When doctors were rare in isolated areas, local women acted as midwives. In Pike Bay, Catherine Robbins was one of the earliest known midwives, remembered for the pipe she carried. Of course, we should not forget Southampton’s very first midwife, Angelique Longe (1844-1934), known universally as “Aunt Annie”.
Women took positions in libraries or with the telephone company. Mae MacArthur served as Underwood telephone switchboard operator from 1947 until the 1960s.
At Brinkman’s Corners, Esma Rouse opened the Dew Drop Inn in 1939 while her husband was away guiding. The business she began lasted more than 30 years. Esma also began writing a column for the Wiarton Echo in 1944.

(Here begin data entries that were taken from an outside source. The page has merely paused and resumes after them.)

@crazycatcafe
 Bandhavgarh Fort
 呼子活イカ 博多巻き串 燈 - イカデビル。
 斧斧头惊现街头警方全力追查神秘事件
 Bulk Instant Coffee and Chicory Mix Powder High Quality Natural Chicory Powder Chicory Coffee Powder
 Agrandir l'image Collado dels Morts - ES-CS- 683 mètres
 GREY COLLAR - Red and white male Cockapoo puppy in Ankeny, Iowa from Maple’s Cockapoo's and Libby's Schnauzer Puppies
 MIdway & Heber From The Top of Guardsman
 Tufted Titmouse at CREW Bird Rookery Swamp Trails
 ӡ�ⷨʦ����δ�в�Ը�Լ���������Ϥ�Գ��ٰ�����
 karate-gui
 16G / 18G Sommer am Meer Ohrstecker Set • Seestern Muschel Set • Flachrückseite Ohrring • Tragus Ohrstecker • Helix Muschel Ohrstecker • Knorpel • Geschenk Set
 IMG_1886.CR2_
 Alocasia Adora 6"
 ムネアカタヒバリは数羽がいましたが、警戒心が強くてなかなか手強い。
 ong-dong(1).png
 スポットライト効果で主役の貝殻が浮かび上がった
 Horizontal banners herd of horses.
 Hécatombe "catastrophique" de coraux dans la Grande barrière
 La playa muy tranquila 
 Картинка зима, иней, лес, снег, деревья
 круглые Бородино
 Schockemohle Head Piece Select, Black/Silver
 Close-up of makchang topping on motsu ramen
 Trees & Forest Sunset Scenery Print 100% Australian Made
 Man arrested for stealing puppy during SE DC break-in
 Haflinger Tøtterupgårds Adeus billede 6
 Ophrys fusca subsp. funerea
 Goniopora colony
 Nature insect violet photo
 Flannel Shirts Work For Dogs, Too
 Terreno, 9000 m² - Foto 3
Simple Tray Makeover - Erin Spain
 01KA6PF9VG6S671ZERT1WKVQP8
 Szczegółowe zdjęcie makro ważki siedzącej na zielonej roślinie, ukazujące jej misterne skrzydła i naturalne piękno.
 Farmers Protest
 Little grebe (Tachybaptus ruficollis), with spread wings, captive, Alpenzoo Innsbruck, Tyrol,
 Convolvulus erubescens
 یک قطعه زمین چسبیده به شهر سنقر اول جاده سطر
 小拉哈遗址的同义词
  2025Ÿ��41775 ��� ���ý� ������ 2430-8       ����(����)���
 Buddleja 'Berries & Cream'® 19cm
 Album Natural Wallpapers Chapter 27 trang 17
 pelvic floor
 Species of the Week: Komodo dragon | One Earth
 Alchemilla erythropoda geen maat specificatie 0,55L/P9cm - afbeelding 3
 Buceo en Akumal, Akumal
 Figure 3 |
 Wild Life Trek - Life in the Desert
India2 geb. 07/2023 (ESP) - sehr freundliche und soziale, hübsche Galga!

With the advent of the Second World War, women moved into war work. Malcolm Furniture in Kincardine had over 300 employees, many of them women, building components for the all-wood Mosquito bomber.
And with the men away at war, the women took over. For example, Albert and Alice Wright operated their grocery store at Broadway and Princes streets in Kincardine from 1930 to 1949. But when Albert joined the Home Guard during WWII, Alice ran the store, helped by her daughter, May. Mrs. Wright also owned her own hat shop.
If you consider astute husband hunting one of the traits of the enterprising woman, then Southampton resident Minnie Davis ranks high.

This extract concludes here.